### Task directions
The reply should be an exact repeat of the listing, with no pictures in it.

### Supplied material
------------------------

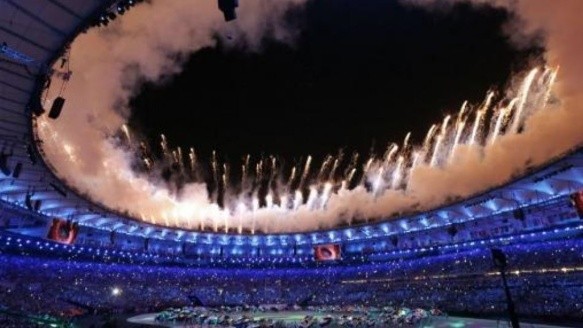 Fuegos artificiales en el Maracaná.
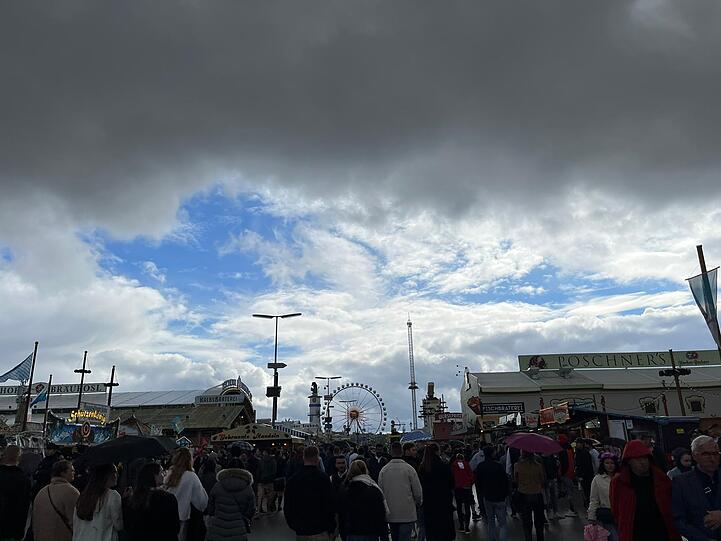Die Wiesn fängt bekanntlich im September an – das Wetter am ersten Tag ist aber eher wie im April.
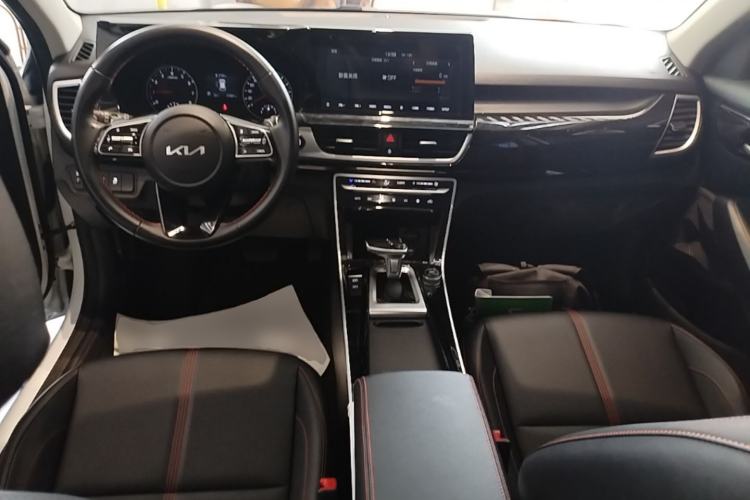 Used Kia KX3 2021 1.5L CVT Trend Edition Center Console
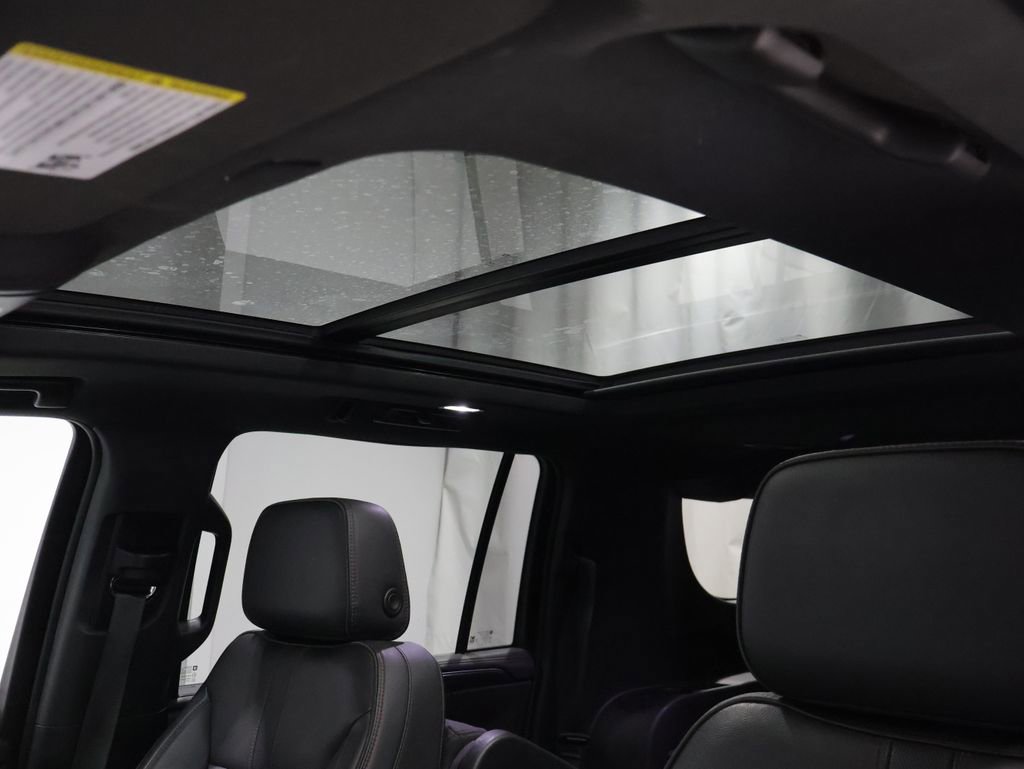 Used 2021 Chevrolet Suburban RST image 11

------------------------

### Exercise answer
 Fuegos artificiales en el Maracaná.
Die Wiesn fängt bekanntlich im September an – das Wetter am ersten Tag ist aber eher wie im April.
 Used Kia KX3 2021 1.5L CVT Trend Edition Center Console
 Used 2021 Chevrolet Suburban RST image 11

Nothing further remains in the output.